The activities at Chemical Physics involve fundamental and applied research within surface and nano science. The projects are mainly connected to the development of sustainable energy systems including heterogeneous catalysis for emission control and fuel production, photovoltaics, energy storage, and fuel cells. Functional nanomaterials is the common denominator.
Our research is both experimental and theoretical. In the experimental projects, advanced fabrication techniques and vacuum based methods are developed and used to design novel nano-structured materials. Such materials often exhibit unique physical, chemical and optical properties which we explore and utilize. One example is the use of localized surface plasmons to either stimulate physical and chemical processes or to monitor different surface phenomena by means of nanoplasmonic sensing. The theoretical activity is based on electronic structure calculations within the density functional theory together with mean-field modeling and Monte-Carlo simulations for reaction kinetics. Theoretical spectroscopy is used to rationalize experimental observations and multi-scale methods are developed to link atomistic first principles results with kinetic modeling in order to bridge length and time scales.

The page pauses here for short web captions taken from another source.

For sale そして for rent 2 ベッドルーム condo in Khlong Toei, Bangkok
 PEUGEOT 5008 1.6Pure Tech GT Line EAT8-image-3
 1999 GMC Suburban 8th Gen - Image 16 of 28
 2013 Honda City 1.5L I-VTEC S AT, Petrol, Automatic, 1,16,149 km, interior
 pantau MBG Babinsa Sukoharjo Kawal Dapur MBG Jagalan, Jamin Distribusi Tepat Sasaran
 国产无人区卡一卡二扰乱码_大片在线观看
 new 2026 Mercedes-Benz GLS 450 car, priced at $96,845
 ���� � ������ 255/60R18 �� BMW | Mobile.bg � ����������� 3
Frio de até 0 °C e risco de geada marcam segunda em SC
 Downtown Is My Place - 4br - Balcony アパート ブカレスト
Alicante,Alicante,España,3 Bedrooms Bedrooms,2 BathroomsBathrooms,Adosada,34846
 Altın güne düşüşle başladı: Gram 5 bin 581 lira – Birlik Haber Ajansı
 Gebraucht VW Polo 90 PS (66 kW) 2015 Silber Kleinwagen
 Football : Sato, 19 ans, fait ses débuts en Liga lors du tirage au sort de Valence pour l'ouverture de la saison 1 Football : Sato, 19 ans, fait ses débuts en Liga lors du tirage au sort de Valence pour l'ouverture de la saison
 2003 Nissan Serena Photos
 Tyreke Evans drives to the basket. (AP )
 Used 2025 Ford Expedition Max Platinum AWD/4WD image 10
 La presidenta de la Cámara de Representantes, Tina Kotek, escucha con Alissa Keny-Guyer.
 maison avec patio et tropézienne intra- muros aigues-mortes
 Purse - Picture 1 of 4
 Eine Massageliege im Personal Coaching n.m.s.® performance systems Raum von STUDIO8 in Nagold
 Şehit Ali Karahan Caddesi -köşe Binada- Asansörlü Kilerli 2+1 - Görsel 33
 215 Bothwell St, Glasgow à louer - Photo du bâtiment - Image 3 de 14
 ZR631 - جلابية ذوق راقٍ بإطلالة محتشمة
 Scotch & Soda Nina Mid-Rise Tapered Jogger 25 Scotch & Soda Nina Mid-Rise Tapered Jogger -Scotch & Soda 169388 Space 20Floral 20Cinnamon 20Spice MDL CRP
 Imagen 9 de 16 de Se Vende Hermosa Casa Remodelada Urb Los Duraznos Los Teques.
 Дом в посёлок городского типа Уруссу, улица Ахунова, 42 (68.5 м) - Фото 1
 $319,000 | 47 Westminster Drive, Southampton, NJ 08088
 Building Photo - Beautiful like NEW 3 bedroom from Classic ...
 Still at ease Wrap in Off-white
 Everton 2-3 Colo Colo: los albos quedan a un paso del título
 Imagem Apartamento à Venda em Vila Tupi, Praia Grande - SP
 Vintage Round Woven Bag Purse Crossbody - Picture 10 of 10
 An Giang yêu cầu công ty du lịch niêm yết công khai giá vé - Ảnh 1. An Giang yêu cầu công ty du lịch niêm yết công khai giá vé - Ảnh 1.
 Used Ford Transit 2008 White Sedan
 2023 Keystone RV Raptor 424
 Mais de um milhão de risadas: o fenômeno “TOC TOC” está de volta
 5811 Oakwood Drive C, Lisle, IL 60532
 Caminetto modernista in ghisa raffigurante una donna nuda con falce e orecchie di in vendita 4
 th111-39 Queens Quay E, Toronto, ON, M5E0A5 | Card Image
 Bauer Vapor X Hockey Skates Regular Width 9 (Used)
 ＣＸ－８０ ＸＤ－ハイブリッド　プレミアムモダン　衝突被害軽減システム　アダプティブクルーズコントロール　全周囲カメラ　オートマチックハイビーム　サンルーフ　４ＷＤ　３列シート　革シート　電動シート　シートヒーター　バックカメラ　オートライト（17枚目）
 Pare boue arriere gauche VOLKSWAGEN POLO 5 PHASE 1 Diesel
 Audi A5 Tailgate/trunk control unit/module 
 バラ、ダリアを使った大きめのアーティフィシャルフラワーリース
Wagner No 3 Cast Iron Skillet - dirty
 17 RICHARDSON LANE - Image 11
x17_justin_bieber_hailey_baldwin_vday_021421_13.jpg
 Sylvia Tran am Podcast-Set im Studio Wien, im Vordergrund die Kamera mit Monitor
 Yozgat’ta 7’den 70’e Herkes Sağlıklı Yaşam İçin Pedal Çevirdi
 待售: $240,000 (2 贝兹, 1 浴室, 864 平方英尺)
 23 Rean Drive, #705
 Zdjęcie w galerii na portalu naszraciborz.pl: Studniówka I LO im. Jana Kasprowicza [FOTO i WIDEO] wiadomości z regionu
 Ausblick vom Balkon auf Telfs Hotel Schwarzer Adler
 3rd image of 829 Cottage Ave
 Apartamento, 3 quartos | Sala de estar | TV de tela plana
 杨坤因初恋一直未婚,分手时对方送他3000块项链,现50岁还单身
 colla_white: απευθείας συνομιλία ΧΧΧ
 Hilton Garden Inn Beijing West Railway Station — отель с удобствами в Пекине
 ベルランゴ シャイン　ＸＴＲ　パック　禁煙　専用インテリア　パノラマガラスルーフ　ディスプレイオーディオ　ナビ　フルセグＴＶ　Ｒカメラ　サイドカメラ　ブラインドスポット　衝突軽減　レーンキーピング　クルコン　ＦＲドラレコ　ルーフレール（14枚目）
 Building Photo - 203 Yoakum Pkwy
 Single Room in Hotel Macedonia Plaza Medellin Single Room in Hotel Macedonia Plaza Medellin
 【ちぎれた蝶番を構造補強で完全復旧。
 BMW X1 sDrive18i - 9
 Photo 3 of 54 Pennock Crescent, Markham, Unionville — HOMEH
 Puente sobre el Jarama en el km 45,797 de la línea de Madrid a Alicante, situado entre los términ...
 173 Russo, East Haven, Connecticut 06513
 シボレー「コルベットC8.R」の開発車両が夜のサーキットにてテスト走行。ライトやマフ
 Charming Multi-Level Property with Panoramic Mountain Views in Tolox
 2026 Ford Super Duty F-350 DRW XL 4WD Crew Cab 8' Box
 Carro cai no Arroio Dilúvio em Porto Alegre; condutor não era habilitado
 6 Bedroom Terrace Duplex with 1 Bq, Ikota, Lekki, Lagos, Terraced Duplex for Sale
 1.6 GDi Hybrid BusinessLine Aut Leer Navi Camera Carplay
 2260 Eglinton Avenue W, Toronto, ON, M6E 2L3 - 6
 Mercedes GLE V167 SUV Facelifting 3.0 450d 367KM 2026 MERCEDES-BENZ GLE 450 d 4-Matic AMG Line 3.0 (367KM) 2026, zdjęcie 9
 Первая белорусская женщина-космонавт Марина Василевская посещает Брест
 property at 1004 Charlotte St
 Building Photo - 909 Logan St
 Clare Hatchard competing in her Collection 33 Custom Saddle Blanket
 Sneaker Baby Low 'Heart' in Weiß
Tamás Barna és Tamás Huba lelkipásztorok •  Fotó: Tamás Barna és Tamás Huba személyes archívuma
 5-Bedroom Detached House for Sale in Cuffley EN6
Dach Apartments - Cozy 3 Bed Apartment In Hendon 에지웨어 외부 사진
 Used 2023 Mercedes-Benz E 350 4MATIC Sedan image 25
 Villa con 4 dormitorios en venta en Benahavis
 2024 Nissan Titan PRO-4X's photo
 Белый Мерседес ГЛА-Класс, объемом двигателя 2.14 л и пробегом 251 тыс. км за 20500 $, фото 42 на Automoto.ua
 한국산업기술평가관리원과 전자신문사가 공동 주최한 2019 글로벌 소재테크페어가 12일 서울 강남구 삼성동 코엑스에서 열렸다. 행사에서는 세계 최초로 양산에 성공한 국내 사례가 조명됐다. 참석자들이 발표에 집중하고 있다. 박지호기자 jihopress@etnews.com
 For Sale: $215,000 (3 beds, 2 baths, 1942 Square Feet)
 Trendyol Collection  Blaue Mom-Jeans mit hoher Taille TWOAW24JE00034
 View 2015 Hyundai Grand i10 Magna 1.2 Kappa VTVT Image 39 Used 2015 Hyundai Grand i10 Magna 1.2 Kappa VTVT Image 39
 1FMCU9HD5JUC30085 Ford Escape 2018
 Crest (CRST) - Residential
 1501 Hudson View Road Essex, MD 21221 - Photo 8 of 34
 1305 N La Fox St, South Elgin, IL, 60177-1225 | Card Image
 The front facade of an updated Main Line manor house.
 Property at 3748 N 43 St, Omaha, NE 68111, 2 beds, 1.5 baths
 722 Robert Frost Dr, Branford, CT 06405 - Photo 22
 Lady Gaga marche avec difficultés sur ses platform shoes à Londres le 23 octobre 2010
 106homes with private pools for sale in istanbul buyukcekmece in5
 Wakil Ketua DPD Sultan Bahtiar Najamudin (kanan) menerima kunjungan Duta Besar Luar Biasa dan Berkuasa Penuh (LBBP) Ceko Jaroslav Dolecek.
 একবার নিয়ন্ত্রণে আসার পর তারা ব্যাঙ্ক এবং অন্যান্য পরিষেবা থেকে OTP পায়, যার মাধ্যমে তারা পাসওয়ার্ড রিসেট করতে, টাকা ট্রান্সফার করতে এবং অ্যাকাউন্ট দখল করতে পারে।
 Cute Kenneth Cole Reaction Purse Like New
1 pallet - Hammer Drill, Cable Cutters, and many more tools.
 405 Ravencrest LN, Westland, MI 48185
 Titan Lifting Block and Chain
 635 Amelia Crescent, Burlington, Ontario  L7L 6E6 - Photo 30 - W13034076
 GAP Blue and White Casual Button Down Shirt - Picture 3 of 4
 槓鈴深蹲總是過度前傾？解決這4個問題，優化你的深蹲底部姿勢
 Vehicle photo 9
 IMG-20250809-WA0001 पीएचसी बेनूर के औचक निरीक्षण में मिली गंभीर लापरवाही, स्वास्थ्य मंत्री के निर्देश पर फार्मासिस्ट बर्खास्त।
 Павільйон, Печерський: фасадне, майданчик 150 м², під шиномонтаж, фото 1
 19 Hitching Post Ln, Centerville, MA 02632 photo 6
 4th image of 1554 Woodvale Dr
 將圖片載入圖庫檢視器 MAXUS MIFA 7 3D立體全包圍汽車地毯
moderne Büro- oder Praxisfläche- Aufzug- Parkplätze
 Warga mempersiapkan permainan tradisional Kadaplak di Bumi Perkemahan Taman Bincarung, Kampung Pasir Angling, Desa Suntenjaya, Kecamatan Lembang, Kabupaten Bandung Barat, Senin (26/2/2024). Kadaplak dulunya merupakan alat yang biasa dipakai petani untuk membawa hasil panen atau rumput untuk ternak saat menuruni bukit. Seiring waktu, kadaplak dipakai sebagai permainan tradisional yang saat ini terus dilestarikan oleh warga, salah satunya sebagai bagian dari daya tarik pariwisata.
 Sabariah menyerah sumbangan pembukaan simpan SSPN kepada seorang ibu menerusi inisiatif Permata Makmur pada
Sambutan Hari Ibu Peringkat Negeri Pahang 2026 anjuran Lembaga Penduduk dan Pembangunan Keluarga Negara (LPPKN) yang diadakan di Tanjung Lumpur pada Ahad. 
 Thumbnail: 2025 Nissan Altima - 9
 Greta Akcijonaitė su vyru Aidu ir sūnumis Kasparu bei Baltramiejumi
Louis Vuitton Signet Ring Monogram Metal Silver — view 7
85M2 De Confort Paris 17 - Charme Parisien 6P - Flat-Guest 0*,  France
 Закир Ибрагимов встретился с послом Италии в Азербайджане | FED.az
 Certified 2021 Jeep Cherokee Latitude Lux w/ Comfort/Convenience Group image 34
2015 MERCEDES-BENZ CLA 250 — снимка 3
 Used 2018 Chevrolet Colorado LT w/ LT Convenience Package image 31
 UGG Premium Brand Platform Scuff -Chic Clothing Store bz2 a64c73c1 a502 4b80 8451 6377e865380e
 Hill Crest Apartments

The research at Chemical Physics is funded by the major funding agencies including The Swedish Research Council, The Swedish Foundation for Strategic Research, The Swedish Research Council FORMAS, The Swedish Energy Agency, The Knut and Alice Wallenberg Foundation, Nordforsk and The European Union. Moreover, the activities have substantial support from the Chalmers Area of Advance Transport, Nanoscience and Nanotechnology, Materials and Energy. Chemical Physics is a part of the national Competence Centre for Catalysis (KCK). We have a long tradition of working with industrial partners and a number of spin-off companies have been established based on research conducted at Chemical Physics.